**WHAT TO WORK ON:** Emit the line that holds "chamber to outside, long" and all lines following it through the end of the data, verbatim, and nothing else.

**INFORMATION PROVIDED:**
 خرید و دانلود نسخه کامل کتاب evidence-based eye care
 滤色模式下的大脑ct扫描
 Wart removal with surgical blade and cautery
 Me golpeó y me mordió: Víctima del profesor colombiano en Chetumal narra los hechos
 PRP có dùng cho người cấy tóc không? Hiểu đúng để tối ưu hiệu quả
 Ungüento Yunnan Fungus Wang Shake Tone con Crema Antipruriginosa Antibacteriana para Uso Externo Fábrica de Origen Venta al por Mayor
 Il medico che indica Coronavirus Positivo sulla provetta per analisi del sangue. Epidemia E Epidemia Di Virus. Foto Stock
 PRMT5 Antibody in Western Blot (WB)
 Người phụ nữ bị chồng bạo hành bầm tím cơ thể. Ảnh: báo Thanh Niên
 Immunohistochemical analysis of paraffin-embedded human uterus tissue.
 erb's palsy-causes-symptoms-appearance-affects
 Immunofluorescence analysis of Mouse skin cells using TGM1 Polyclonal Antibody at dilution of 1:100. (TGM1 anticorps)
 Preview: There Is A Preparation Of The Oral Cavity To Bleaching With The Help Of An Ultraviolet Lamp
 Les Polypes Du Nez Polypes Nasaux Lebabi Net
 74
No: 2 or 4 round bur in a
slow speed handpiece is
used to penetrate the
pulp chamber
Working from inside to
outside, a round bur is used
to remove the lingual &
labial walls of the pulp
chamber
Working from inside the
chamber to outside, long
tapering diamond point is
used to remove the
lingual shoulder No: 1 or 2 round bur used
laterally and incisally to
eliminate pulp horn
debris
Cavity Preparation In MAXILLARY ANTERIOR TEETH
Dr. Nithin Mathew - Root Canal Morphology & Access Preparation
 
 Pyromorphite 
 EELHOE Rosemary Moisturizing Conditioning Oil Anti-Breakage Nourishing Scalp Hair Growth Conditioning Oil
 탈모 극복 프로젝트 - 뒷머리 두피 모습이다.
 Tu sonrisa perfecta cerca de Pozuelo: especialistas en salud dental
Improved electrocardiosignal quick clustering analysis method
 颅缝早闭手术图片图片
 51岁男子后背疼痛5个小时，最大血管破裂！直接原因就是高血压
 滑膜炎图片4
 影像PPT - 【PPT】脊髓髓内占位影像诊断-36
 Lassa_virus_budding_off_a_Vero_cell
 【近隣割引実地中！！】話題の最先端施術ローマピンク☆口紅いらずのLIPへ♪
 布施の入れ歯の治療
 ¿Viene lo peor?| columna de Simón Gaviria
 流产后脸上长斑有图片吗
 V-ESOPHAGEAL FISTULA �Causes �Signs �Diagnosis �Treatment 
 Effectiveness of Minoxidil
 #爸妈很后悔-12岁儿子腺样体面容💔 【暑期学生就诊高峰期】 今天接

**OUTPUT OF THE TASK:**
chamber to outside, long
tapering diamond point is
used to remove the
lingual shoulder No: 1 or 2 round bur used
laterally and incisally to
eliminate pulp horn
debris
Cavity Preparation In MAXILLARY ANTERIOR TEETH
Dr. Nithin Mathew - Root Canal Morphology & Access Preparation
 
 Pyromorphite 
 EELHOE Rosemary Moisturizing Conditioning Oil Anti-Breakage Nourishing Scalp Hair Growth Conditioning Oil
 탈모 극복 프로젝트 - 뒷머리 두피 모습이다.
 Tu sonrisa perfecta cerca de Pozuelo: especialistas en salud dental
Improved electrocardiosignal quick clustering analysis method
 颅缝早闭手术图片图片
 51岁男子后背疼痛5个小时，最大血管破裂！直接原因就是高血压
 滑膜炎图片4
 影像PPT - 【PPT】脊髓髓内占位影像诊断-36
 Lassa_virus_budding_off_a_Vero_cell
 【近隣割引実地中！！】話題の最先端施術ローマピンク☆口紅いらずのLIPへ♪
 布施の入れ歯の治療
 ¿Viene lo peor?| columna de Simón Gaviria
 流产后脸上长斑有图片吗
 V-ESOPHAGEAL FISTULA �Causes �Signs �Diagnosis �Treatment 
 Effectiveness of Minoxidil
 #爸妈很后悔-12岁儿子腺样体面容💔 【暑期学生就诊高峰期】 今天接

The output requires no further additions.